So the question I keep coming back to is this: why would these convoluted and complicated cost containment provisions be preferable to a simple and transparent upper bound on the price of carbon under a "cap" and trade proposal, or alternatively, a transparent and modest carbon tax? (I'm largely agnostic about those two options as long as allowances are auctioned under a cap and trade proposal).
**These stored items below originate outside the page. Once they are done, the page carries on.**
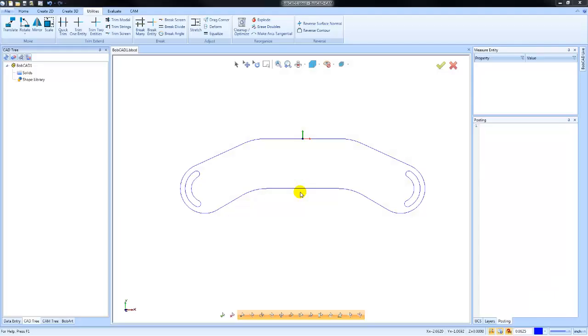In today's video, we want to take a look at how you can use layers and colors to isolate geometry and organize your drawings. To begin with, let's get over here to the right side where it says layers.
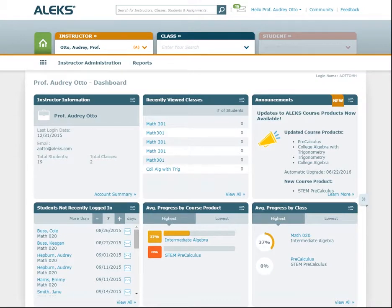This video is part one of the series Your ALEKS Classes. We'll quickly go over the basics of a class setup and some management options to help you get started. Creating a class in ALEKS is a simple process designed to help you easily customize the class so that it best matches your curriculum needs.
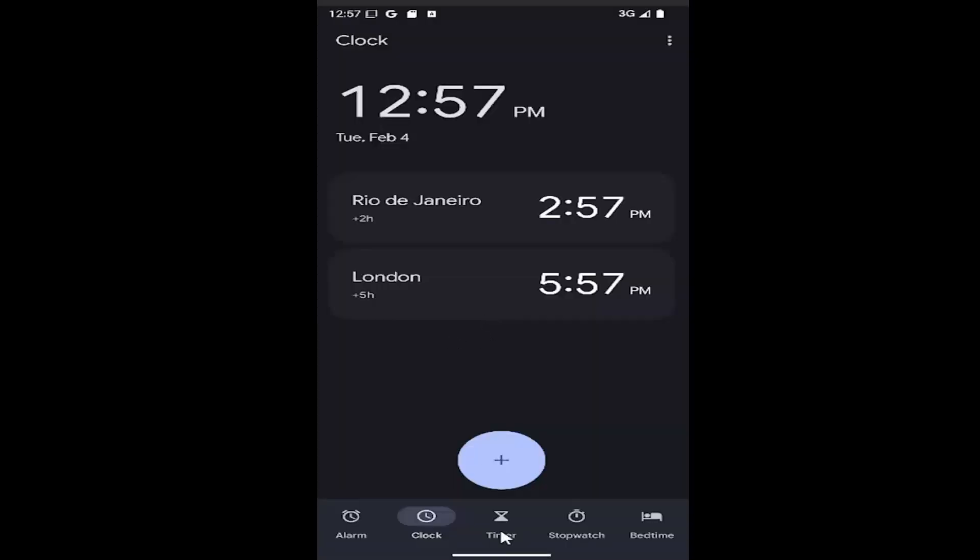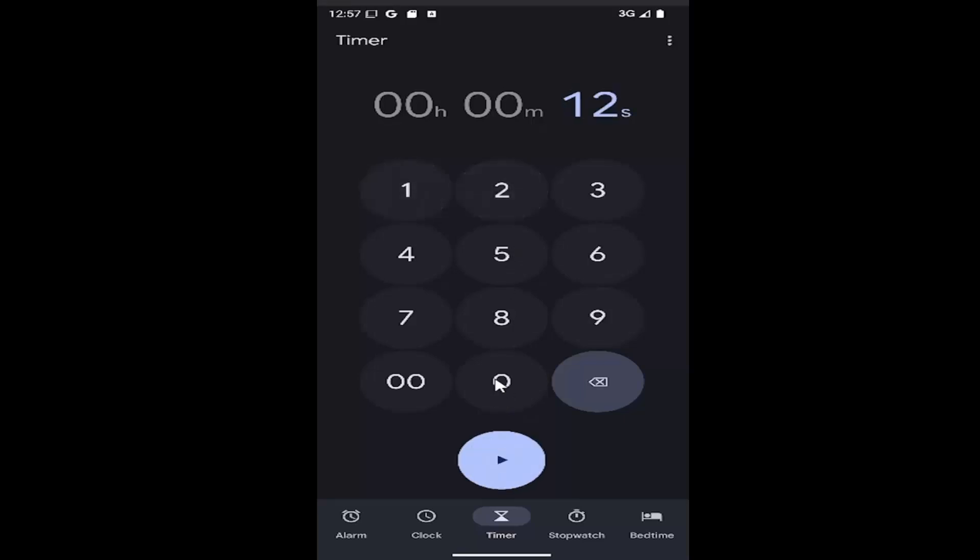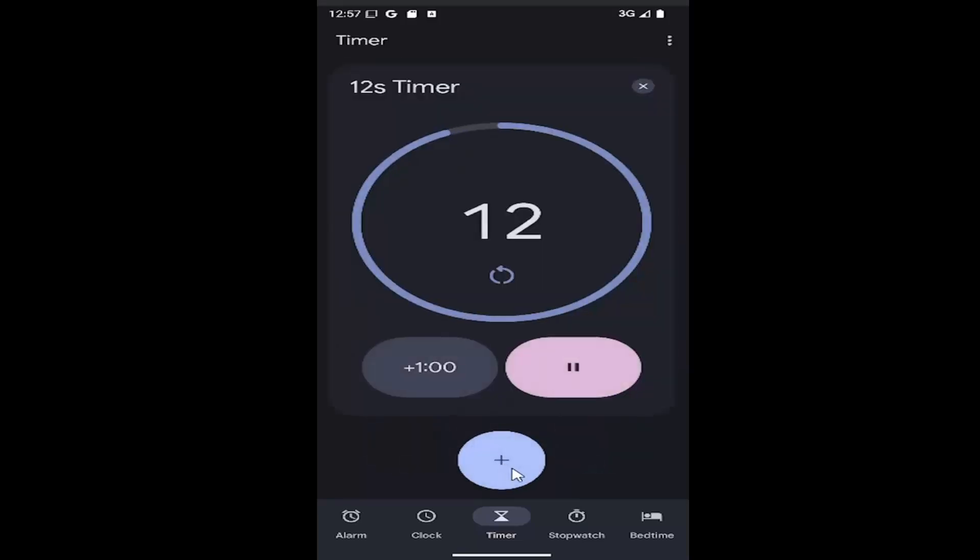Then you want to select the timer button. At this point, just go ahead and type in what you want the timer to be set to. Then you would select the play option and it would start.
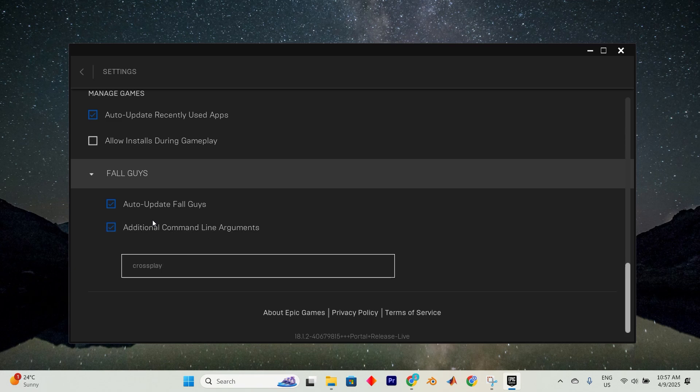When playing, if you are using a non-dedicated server, simply invite your friend to join normally. As long as the cross-play command is set correctly in the extra command line arguments, you will host and connect successfully.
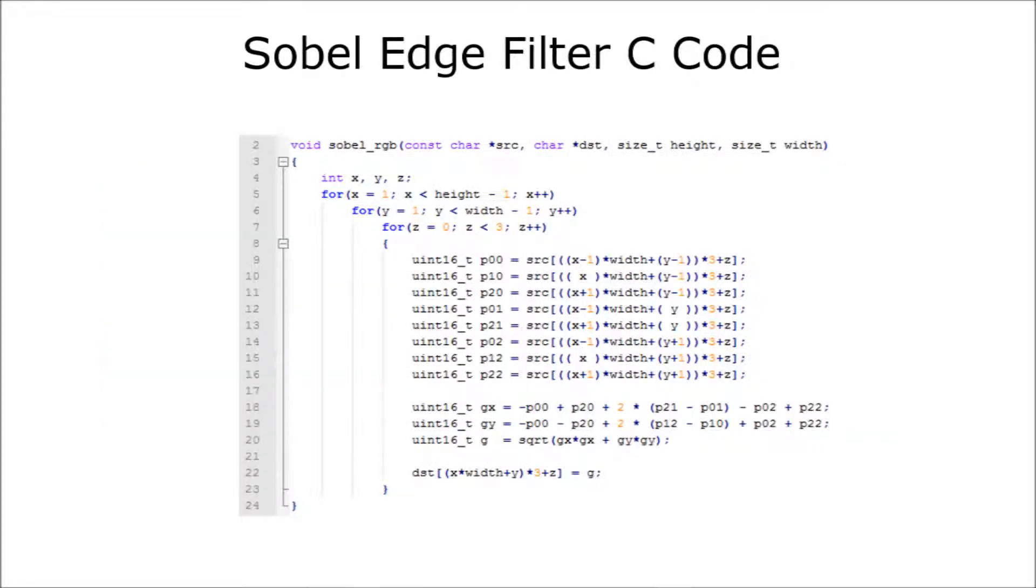Now, let's take a look at what that looks like in C code. As you can see, we have three loops here. The first two, the X and Y, simply cover the entire image per pixel. The third loop covers the R, G, and B components for each pixel.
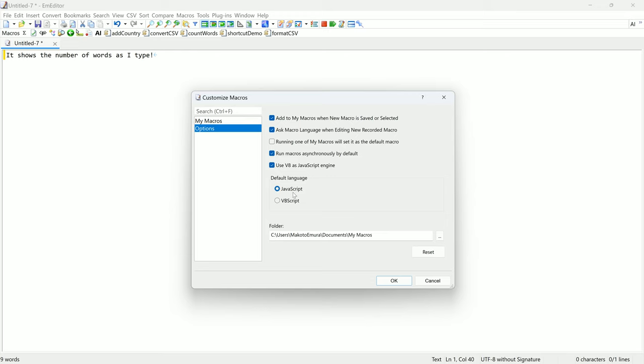You can change the default folder for macros. This folder is the default folder for the Save Macro or Select Macro commands.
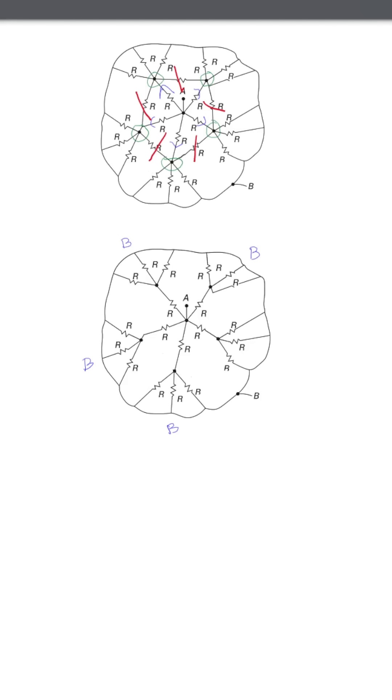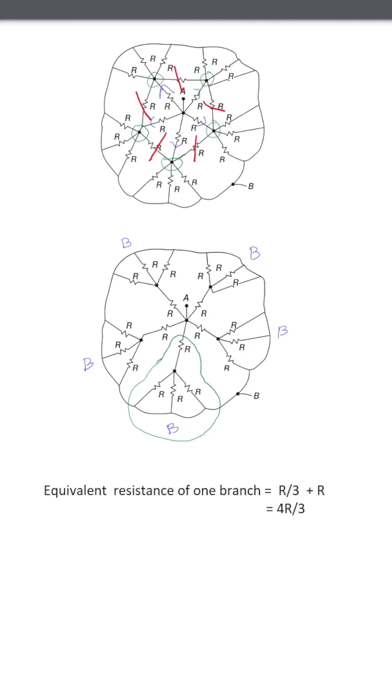After removing the between-layer resistors, we are left with five radial branches, each connecting A to B. The resistance of one branch is... Now, these five identical branches are connected in parallel between A and B. So, we combine them like this.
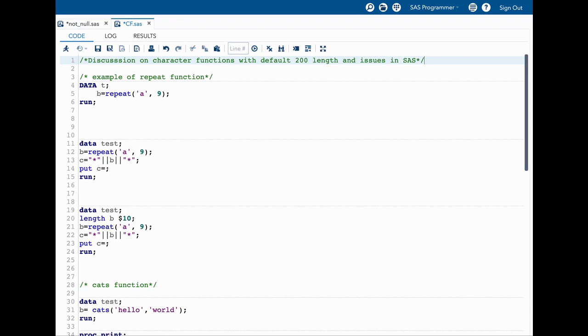Hello everyone, welcome to my channel. If you have not already subscribed to my channel, please do subscribe. Today's topic is about discussion on character functions with default 200 length and issues they pose in SAS.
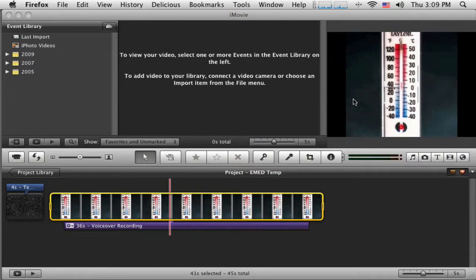Welcome back to part 3. Tim Stack here again. Now we're working on our short video podcast here in iMovie 09. Pretty much the same process though if we're in iMovie 08.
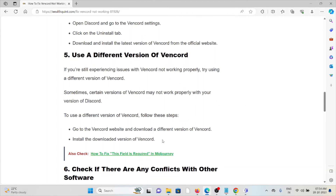The fifth method is to use a different version of the WAN card. If you are still experiencing issues with the WAN card not working properly, try using a different version. Sometimes certain versions of the WAN card may not work properly with your version of Discord. To use a different version, go to the WAN card website and download a different version of the WAN card.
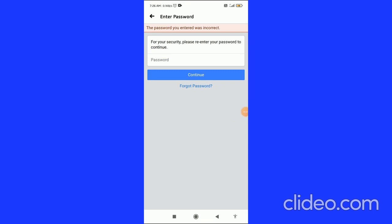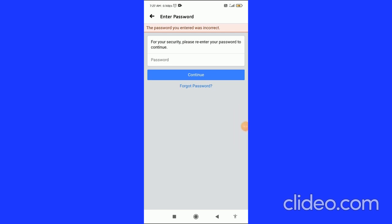My password was incorrect during the demo, but if your password is correct, enter it and click Continue, and you will have added your additional email in Facebook. If you found this video helpful, please subscribe to my channel, like this video, and comment below that it works — I appreciate it!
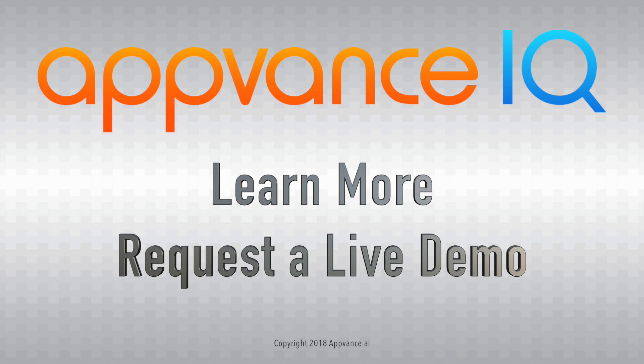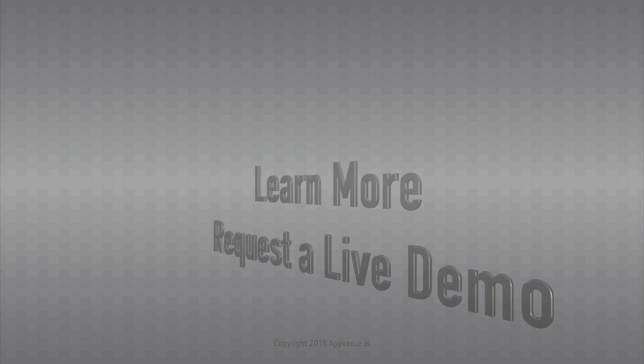as with AppVance IQ's AI-driven testing. Click here to get a live demo of AppVance IQ, and see how your team might benefit from AI-driven testing.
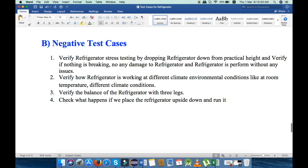Second, verify how the refrigerator works in different climate and environment conditions like room temperature and different climate conditions. Third, verify the balance of the refrigerator with three legs — if four legs are available, check the balance on three legs or two legs; that comes under negative test cases. Last, check what happens if we place the refrigerator upside down and run it — that is totally a negative test case; please don't try it.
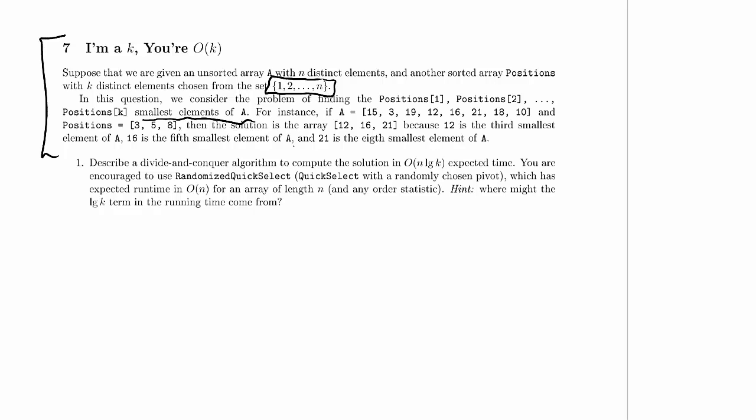Because 12 is the third smallest element, so it is the third smallest element of A. Here is the smallest, here is the second smallest, and here is the third smallest.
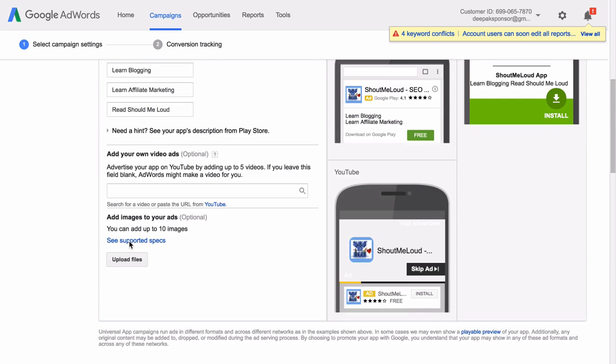Here you can add images for your ad. Google supports up to 10 different images. You can click on Upload Files and Upload the images. And this is an optional field. You can also add a promotional video for your app and that is also an optional field.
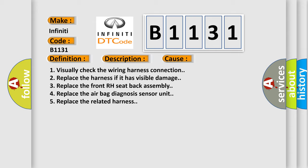4. Replace the airbag diagnosis sensor unit. 5. Replace the related harness.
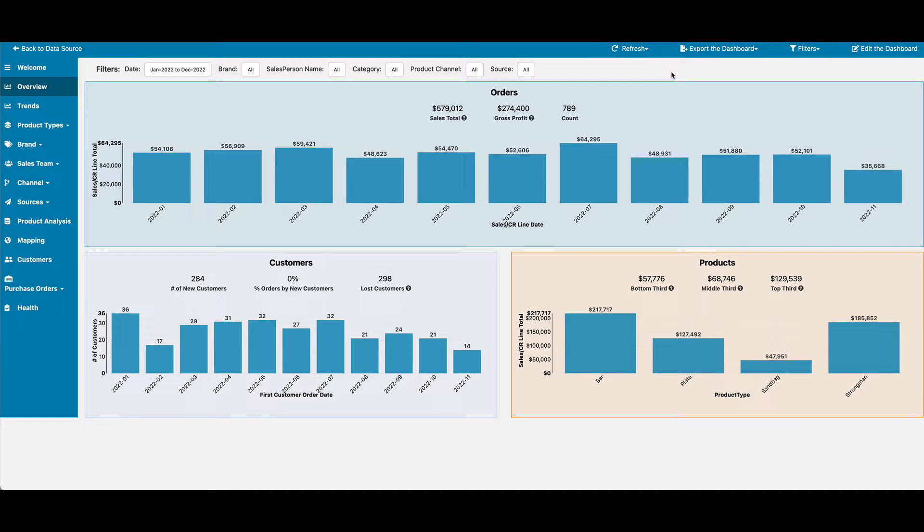Once you connect Easy Insight to your SIN7 data, a pre-built dashboard is designed to help you get started.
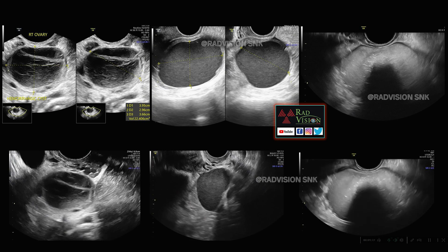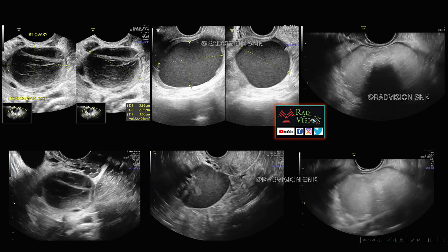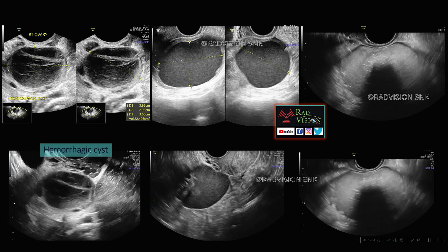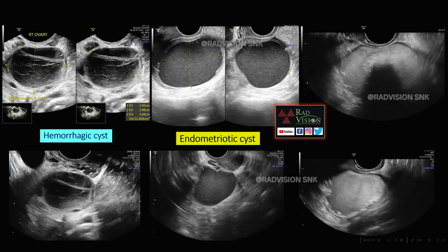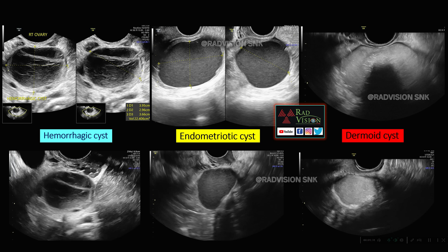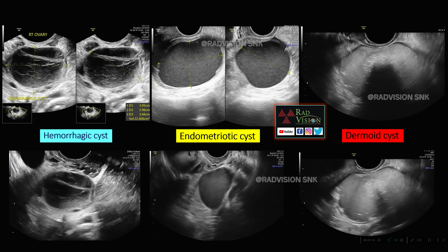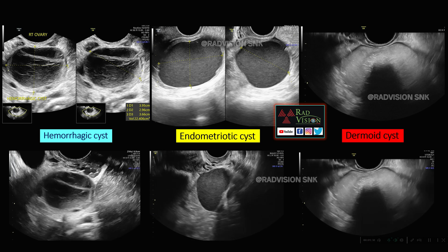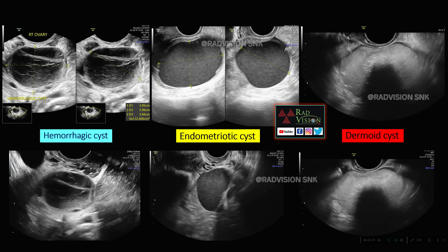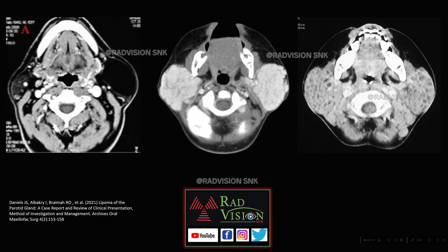These three ovarian cystic lesions are: the first is a hemorrhagic cyst (fishnet appearance), the second is an endometriotic cyst (sand-filled bag appearance), and the third is a dermoid cyst (hair, red dot, and iceberg phenomenon). These form the top three differential diagnoses for the imaging spectrum of cystic lesions of the ovary.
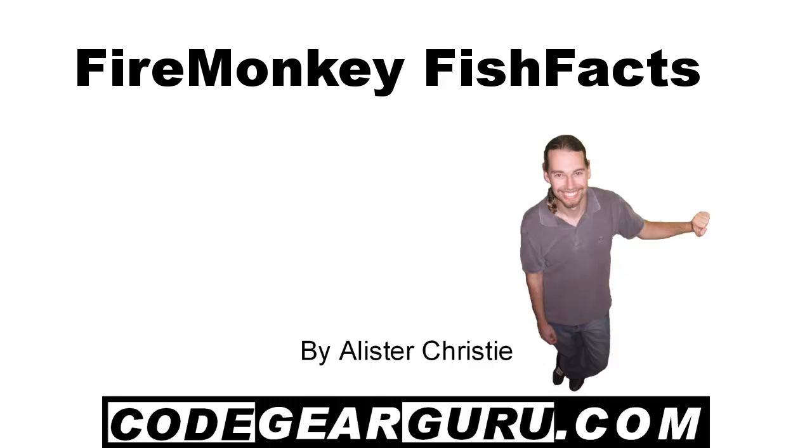Kia ora, this is Alastair Christie and in this video we're going to build the classic FishFacts application and this time we're going to use FireMonkey.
Transparently setting an upper price on carbon would allow businesses to truly plan ahead for future carbon prices, rather than create the inherent uncertainty and risk involved in the kind of carbon trading markets Friends of the Earth warns about. And by setting a modest upper cost up front, climate advocates can silence once and for all - and with absolute certainty - the worst case, nightmare scenarios drummed up by status-quo forces opposing the transition to a clean energy future. Finally, by coming to terms with the reality of cost containment and the limits of carbon pricing, climate advocates themselves can design effective policies to overcome these limitations and truly drive the transition to a clean energy economy.

For now, leading climate advocates continue to push forward under the illusion that climate legislation will set a "hard cap" on carbon, despite all the evidence to the contrary. Time is short to come to grips with the reality that there's just no such thing as a "hard cap" on carbon coming down the pike and to design complementary and alternative policies to pick up where the limits of carbon pricing leave off.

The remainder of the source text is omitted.